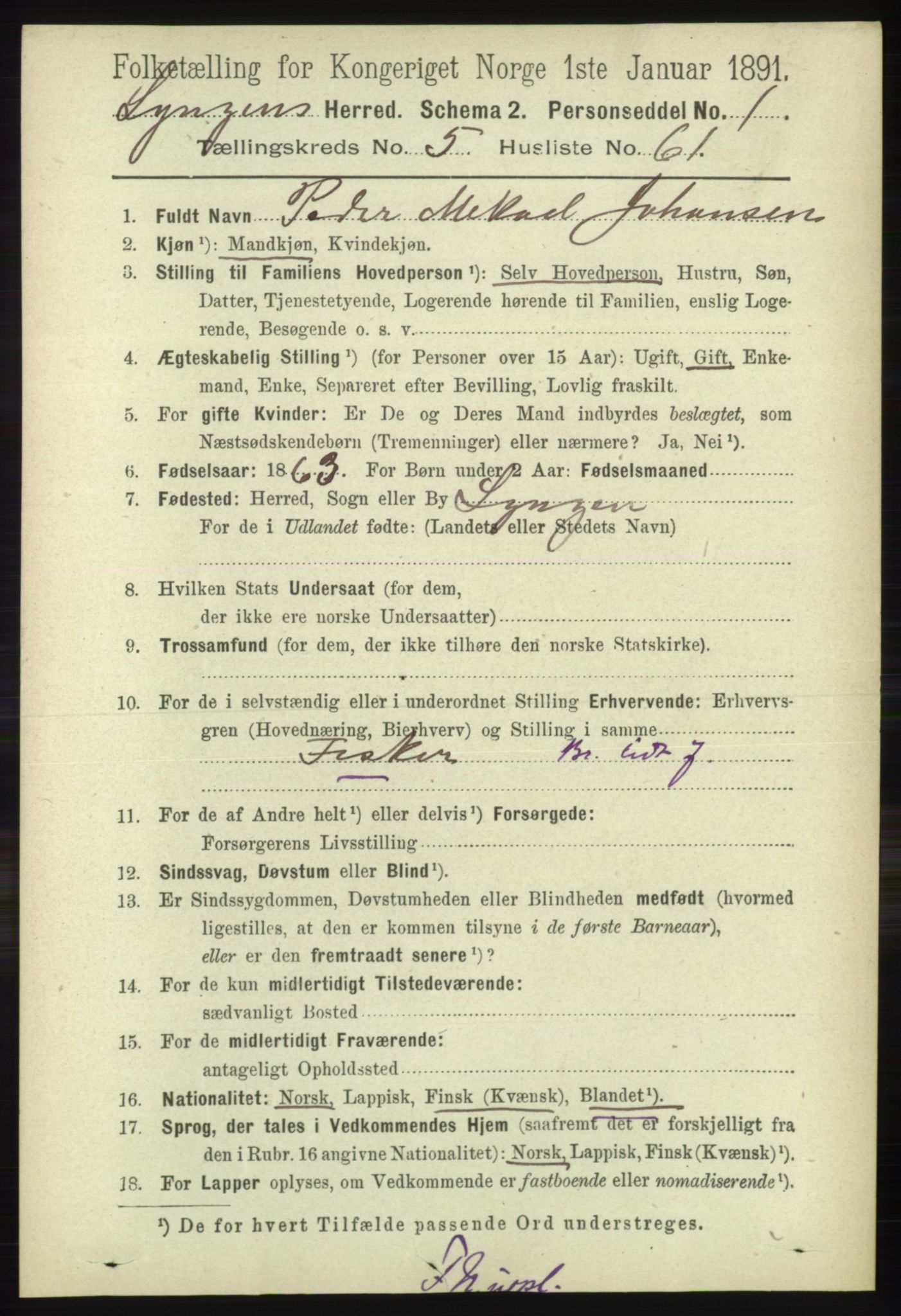 RA, 1891 census for 1938 Lyngen, 1891, p. 4829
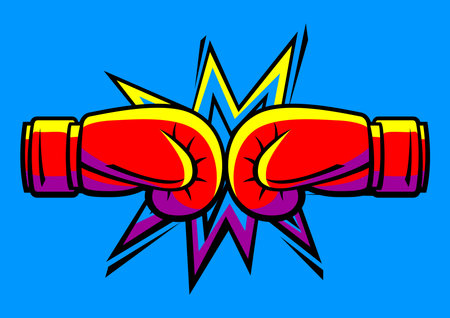 Emblem with boxing gloves. Box club label. Sport training illustration in cartoon style.のイラスト素材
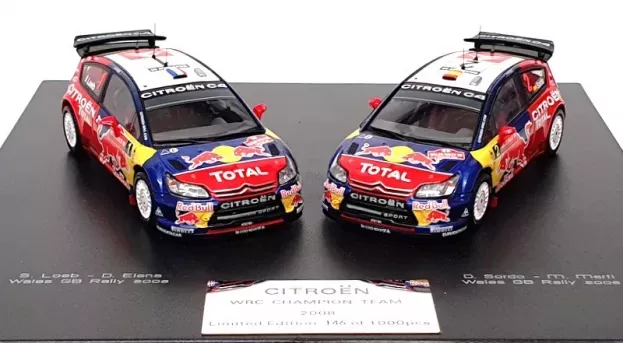 IXO Models Citroen Set 2x C4 Wrc Red Bull Champion 2008 Rally Wales Gb N 1 S.loeb D.elena N 2 D.sordo M.marti 1:43 RAM350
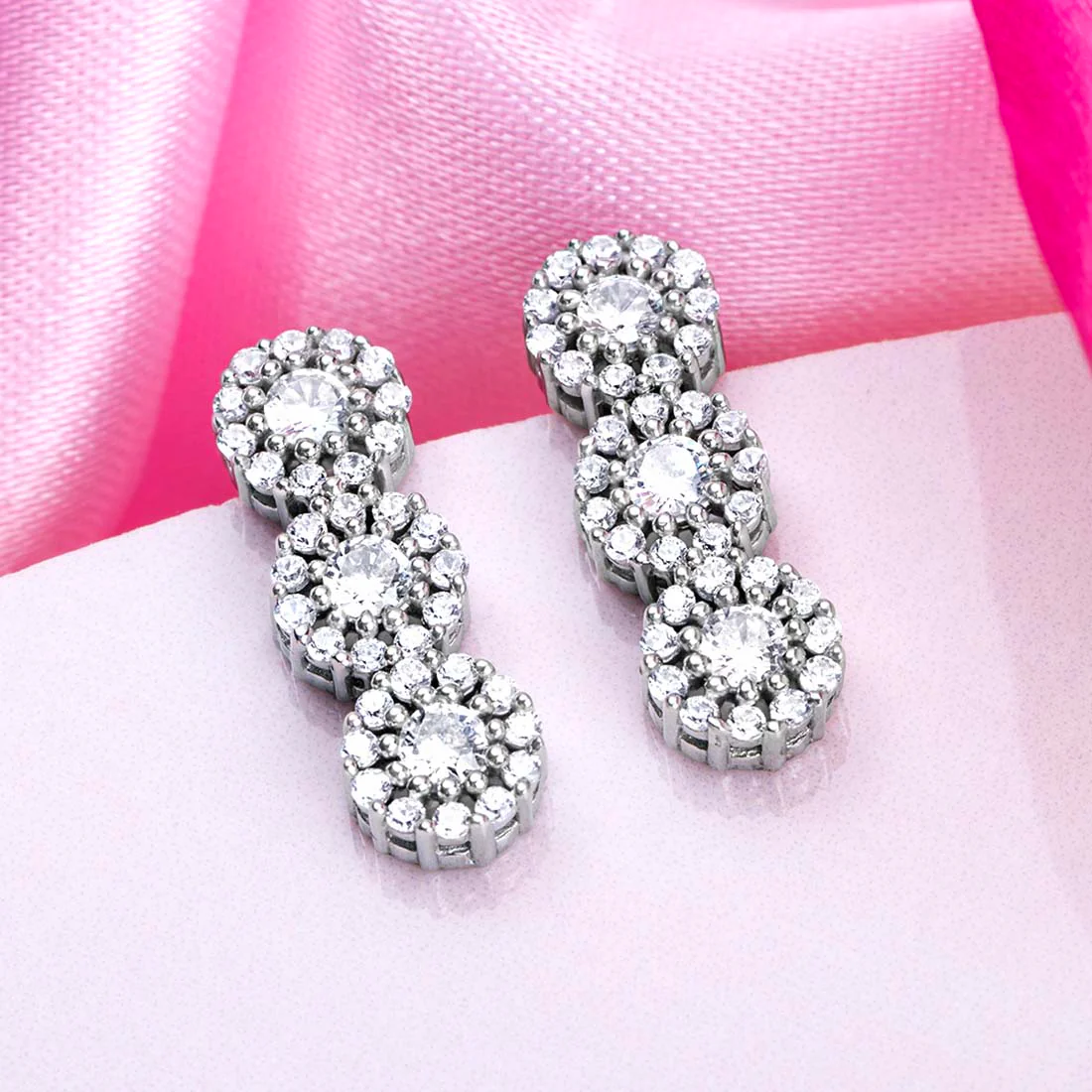 Blooming Beauty 925 Sterling Silver Rhodium-Plated Flower Earrings - Image 7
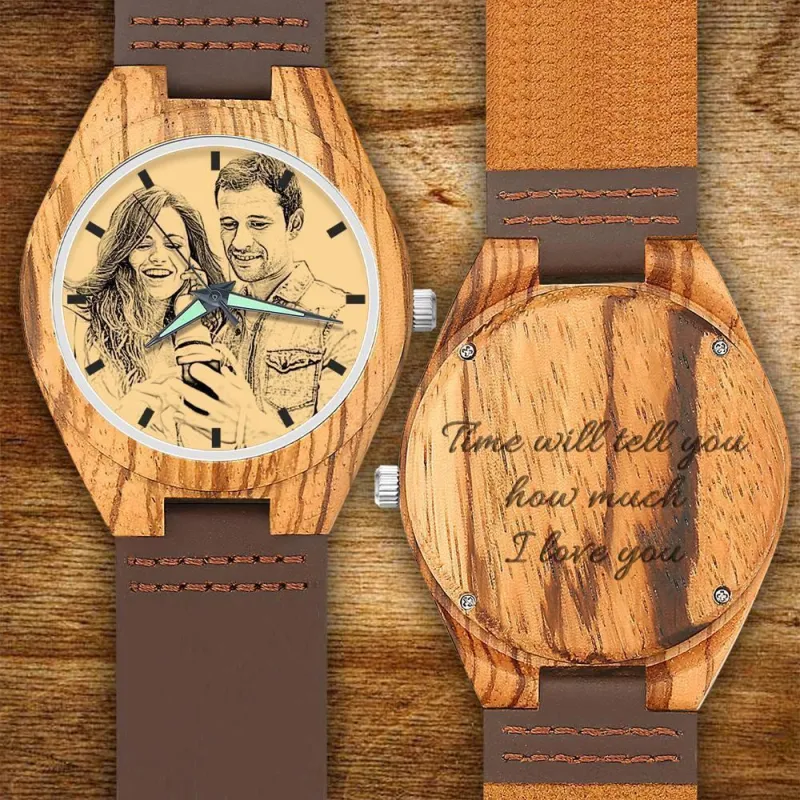 Men's Engraved Wooden Photo Watch Brown Leather Strap 45mm 1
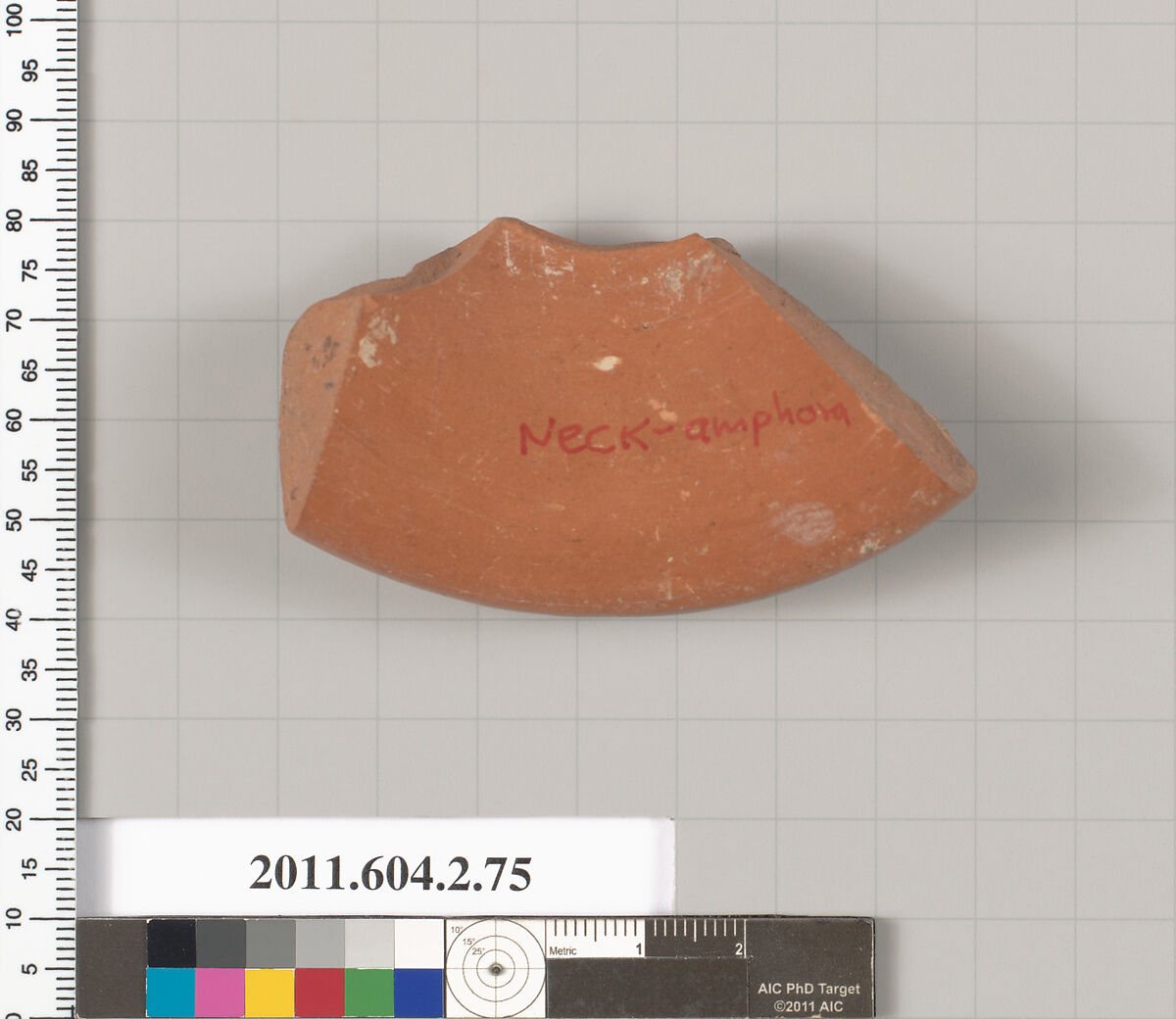 Terracotta fragment of a neck-amphora (jar), Terracotta, Greek, Attic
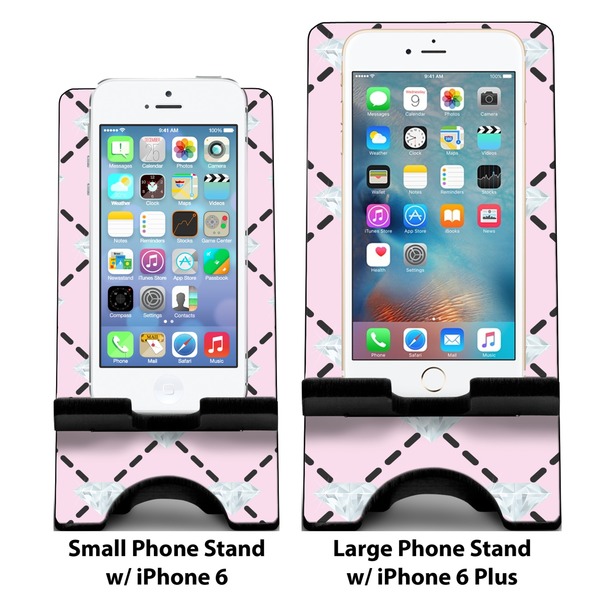 Diamond Dancers Compare Phone Stand Sizes - with iPhones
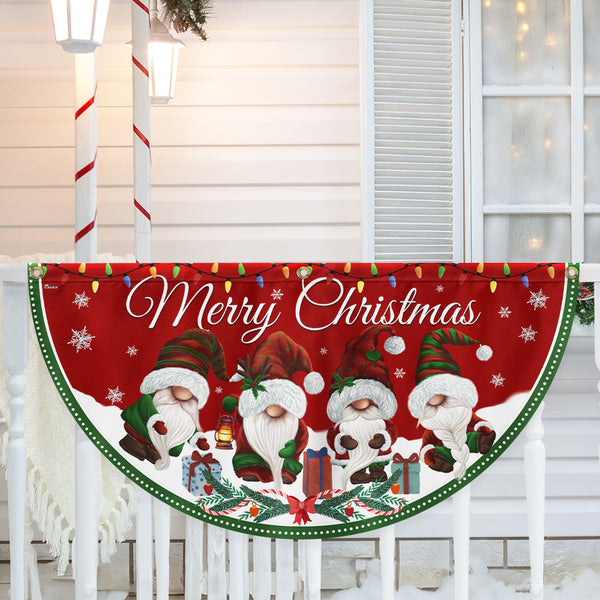 Merry Christmas Gnomes Non-Pleated Fan Flag TQN3887FL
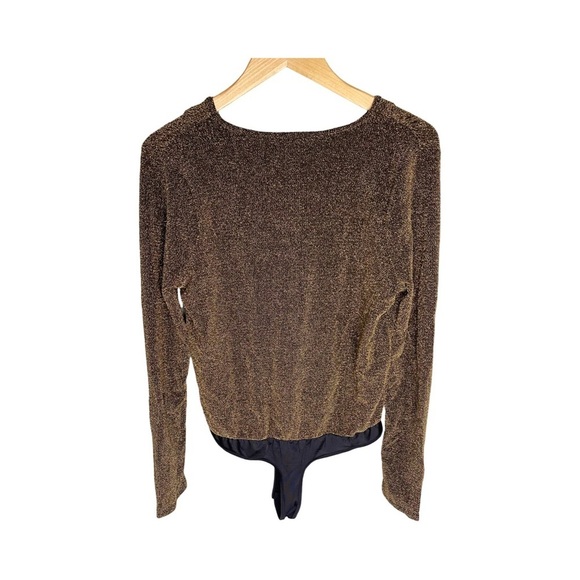 Steve Madden Metallic Knit Long Sleeve Gold Bodysuit NWT Size L - Picture 5 of 13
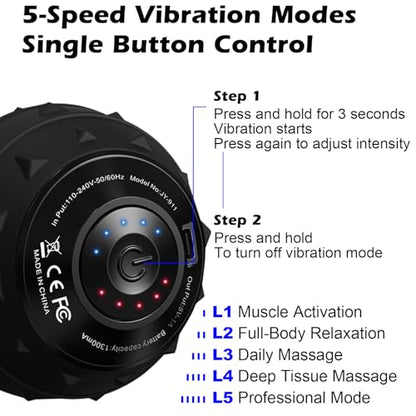 5-Speed Vibrating Massage Ball: Silicone Electric Massager with Auto Shut-Off, Physical Therapy Ball for Fitness, Mobility, and Relaxation, Wellness Gift (Black) - color: Black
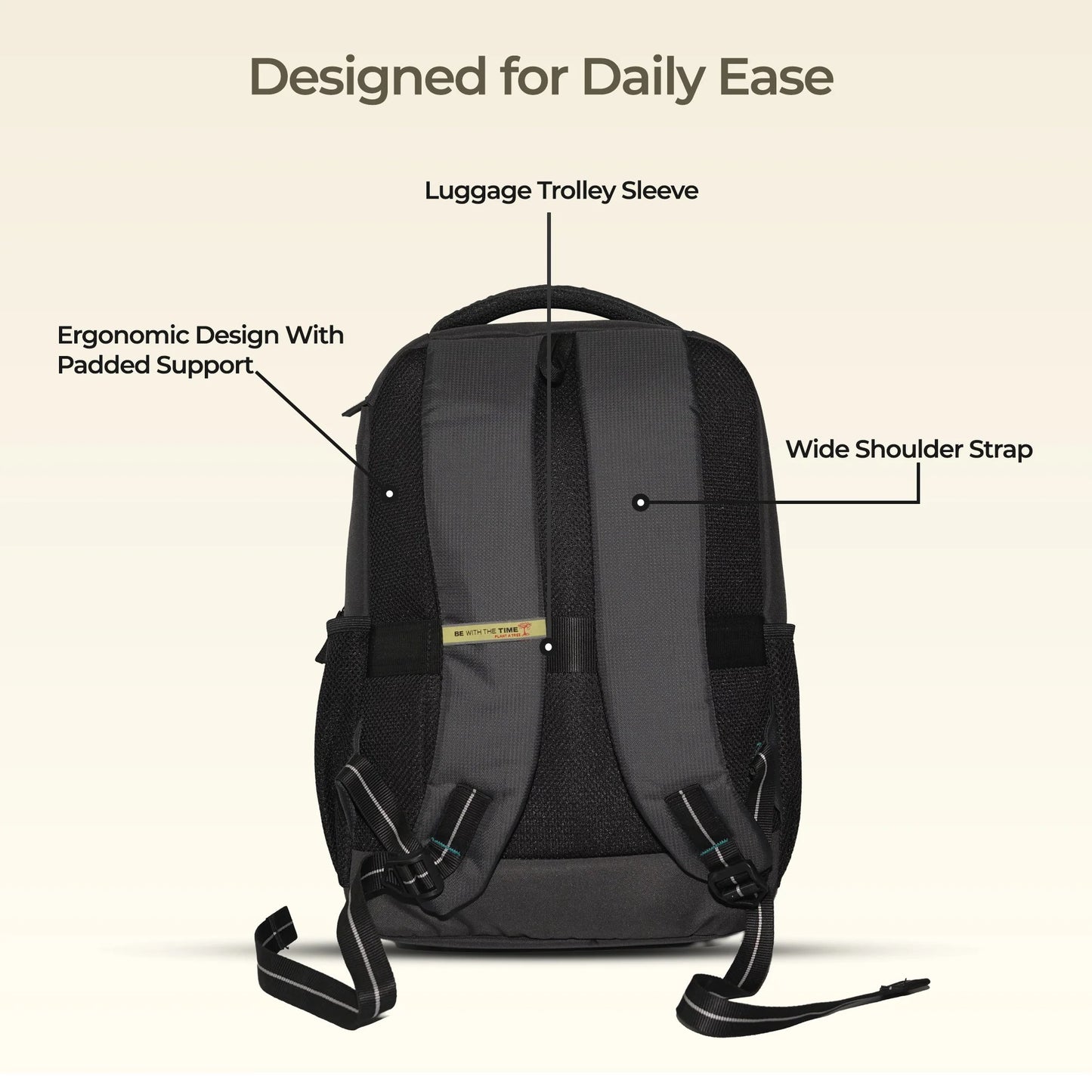 Timus Cyprus Business Smart Premium Polyester Backpack -21L | Fits Upto 15.6-inch Laptop with Ventilated Back Panel, Travel Durable Bag Ideal for Office, Travel, School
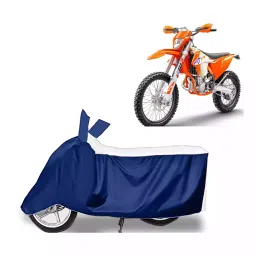 Auto Pearl Bike Cover for KTM 450 X (White & Blue)-picture-44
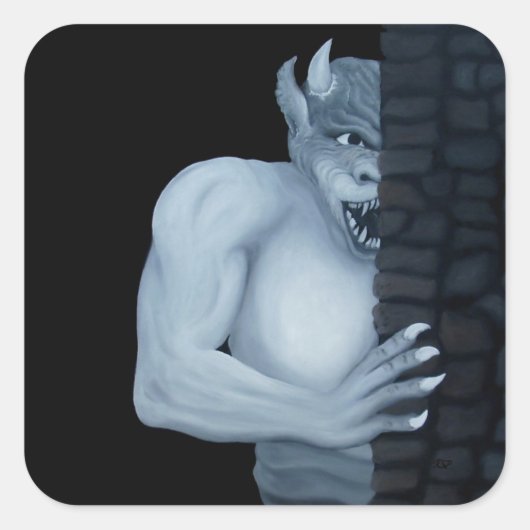 GOLEM - Gargoyle Quadratischer Aufkleber (Vorderseite)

***

#### [Task brief]
Starting at the line that holds "Emblem with boxing", copy each line exactly through the end of the listing, both ends included. Leave the pictures out.

#### [Written answer]
 Emblem with boxing gloves. Box club label. Sport training illustration in cartoon style.のイラスト素材
 IXO Models Citroen Set 2x C4 Wrc Red Bull Champion 2008 Rally Wales Gb N 1 S.loeb D.elena N 2 D.sordo M.marti 1:43 RAM350
 Blooming Beauty 925 Sterling Silver Rhodium-Plated Flower Earrings - Image 7
 Men's Engraved Wooden Photo Watch Brown Leather Strap 45mm 1
 Terracotta fragment of a neck-amphora (jar), Terracotta, Greek, Attic
 Diamond Dancers Compare Phone Stand Sizes - with iPhones
 Merry Christmas Gnomes Non-Pleated Fan Flag TQN3887FL
 Steve Madden Metallic Knit Long Sleeve Gold Bodysuit NWT Size L - Picture 5 of 13
 5-Speed Vibrating Massage Ball: Silicone Electric Massager with Auto Shut-Off, Physical Therapy Ball for Fitness, Mobility, and Relaxation, Wellness Gift (Black) - color: Black
 Timus Cyprus Business Smart Premium Polyester Backpack -21L | Fits Upto 15.6-inch Laptop with Ventilated Back Panel, Travel Durable Bag Ideal for Office, Travel, School
 Auto Pearl Bike Cover for KTM 450 X (White & Blue)-picture-44
 GOLEM - Gargoyle Quadratischer Aufkleber (Vorderseite)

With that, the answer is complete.